MongoDB Benchmarks
In the fast-paced world of data management, every second counts. When it comes to syncing massive datasets from MongoDB into a data warehouse or even a lakehouse, you need a tool that is not just reliable but also blazing fast and cost-effective.
This is where Olake comes into picture.
Speed Comparison: Full Load Performance
For a collection of 230 million rows (664.81GB) from Twitter data*, here's how Olake compares to leading competitors:
Tool | Full Load Time | Performance |
---|---|---|
Olake | 46 mins | X times |
Fivetran | 4 hours 39 mins (279 mins) | 6x slower |
Airbyte | 16 hours (960 mins) | 20x slower |
Debezium (Embedded) | 11.65 hours (699 mins) | 15x slower |
Olake is up to 20x faster than competitors like Airbyte, significantly reducing the time and resources required for full data syncs.

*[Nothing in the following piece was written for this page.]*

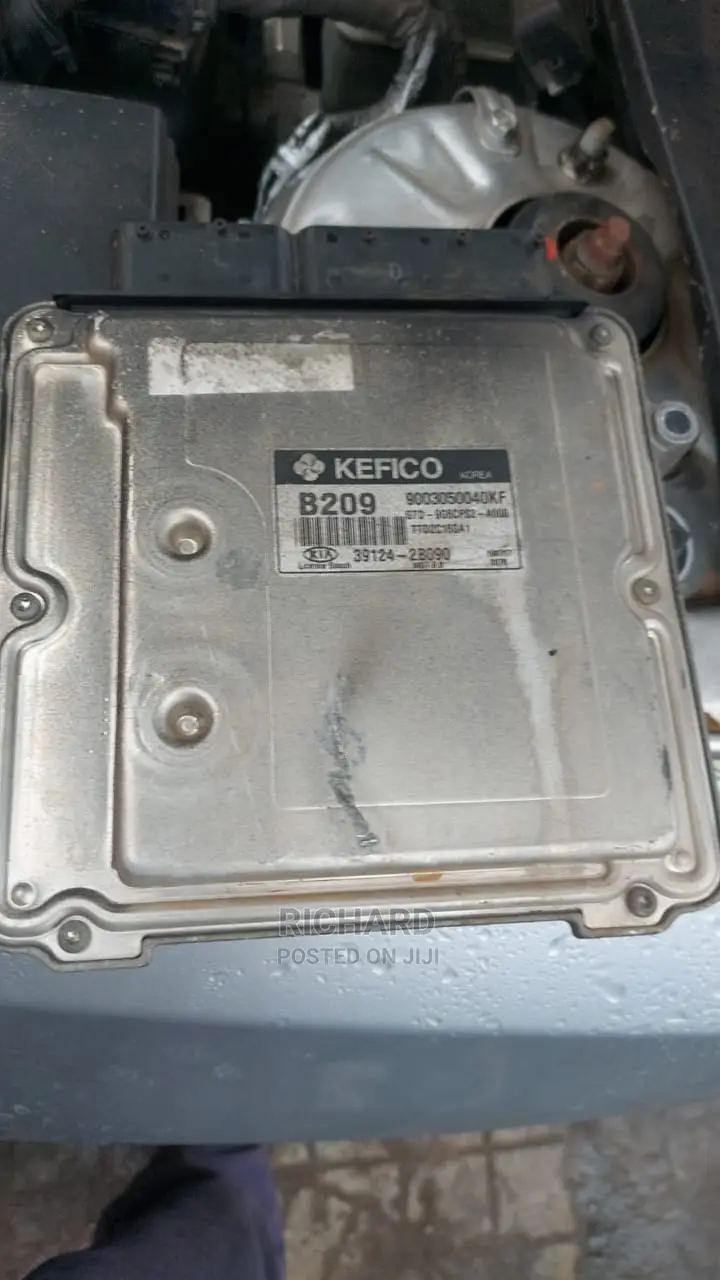 Control Board Repairs, Cloning, Programming, Immo Off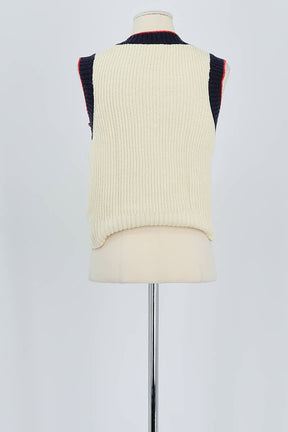 Top sans manche Levi's  Beige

No more waiting for hours or even days for your data to be loaded into your warehouse. 46 minutes is all you need to process 230 million rows with Olake.

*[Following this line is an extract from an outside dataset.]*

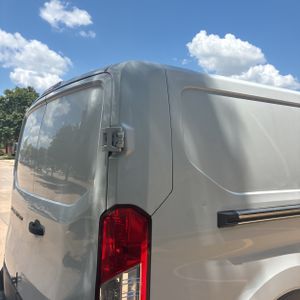صورة مصغرة 62 لـ 2019 FORD TRANSIT 250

We used Debezium server version v2.6.2 for carrying out these benchmarks.
Incremental Sync Performance
Testing with 1 Million Rows (2.88GB, 999450 records) across 10 collections showed how efficiently we do it:
Tool | Incremental Sync Time | Records per Second (r/s) | Performance |
---|---|---|---|
Olake | 28.3 sec | 35,694 r/s | X times |
Fivetran | 3 min 10 sec | 5,260 r/s | 6.7x slower |
Airbyte | 12 min 44 sec | 1,308 r/s | 27.3x slower |
Debezium (Embedded) | 12 min 44 sec | 1,308 r/s | 27.3x slower |
Olake processes 1 million records in just 28.3 seconds, achieving 35,694 records per second (r/s), which is 6.7x faster than Fivetran and a 27.3x faster than Airbyte and Debezium (Embedded).
Stability & Reliability
Performance means little without stability. While Airbyte struggled with multiple sync failures during testing, Olake handled larger datasets without, ensuring a seamless, uninterrupted sync experience. This means less downtime and more reliable data for your business.
Cost Comparison (Considering 230M first full load & 50M incremental rows per month as of 30th Sep)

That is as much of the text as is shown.